In the future, we have found a portal from Earth to Mars, which makes it so much easier for people like mad scientists to set up base in Mars and do naughty things in the depths of their maze-like laboratories. This is exactly what happens in this movie: a bunch of researchers had become too naughty, and now something… things, maybe… are loose in the underground laboratory. Because there is a genuine danger of those… things… reaching Earth via the portal, we have our Special Operations Team of clichés, led by Sarge, to exterminate those things before those things break loose from the laboratory.

Apart from the usual minorities and new kids and religious blokes who will play the exact roles that they have played in every movie featuring those stereotypes, we also have Reaper, who is there to exorcise some demons and save his sister, one of the researchers determined to retrieve some data from the laboratory.

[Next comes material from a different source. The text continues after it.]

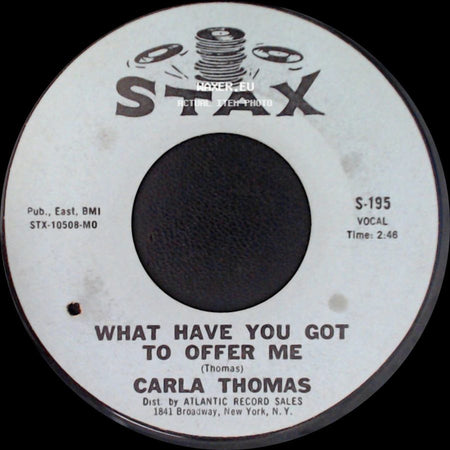 Carla Thomas - What Have You Got To Offer Me / B-A-B-Y side A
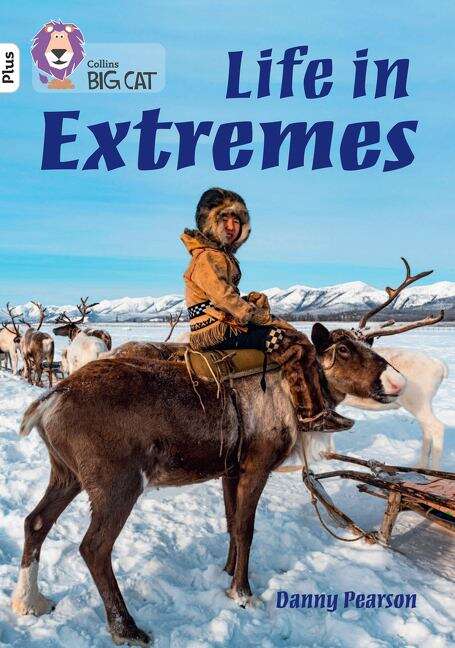 Book cover of Collins Big Cat — LIFE IN EXTREMES: Band 10+/White Plus (PDF)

He is the only one with anything remotely a personality, so it’s a no-brainer that he’s the good guy.

Ripping off, er, “influenced” by every science-fiction action movie featuring monsters you can think of, Doom is a bloated and unbelievably stupid movie featuring lots of special effects and ridiculous dialogues. There is even a scene where the movie morphs into a first person shooter sequence. It’s all so cheesy and ridiculous. But despite the fact that there is nothing even remotely original here, the pacing is fine and the movie delivers plenty of appropriate violence and gore. Dwayne Johnson, also known as The Rock when he’s in spandex and grappling other greasy men in the WWE ring, carries his role with enjoyable aplomb while Karl Urban looks as if he is seeing his career getting flushed down the toilet as the movie progresses.

Hilarious, ridiculous, and so cheesy, Doom is prime entertainment for both right and wrong reasons.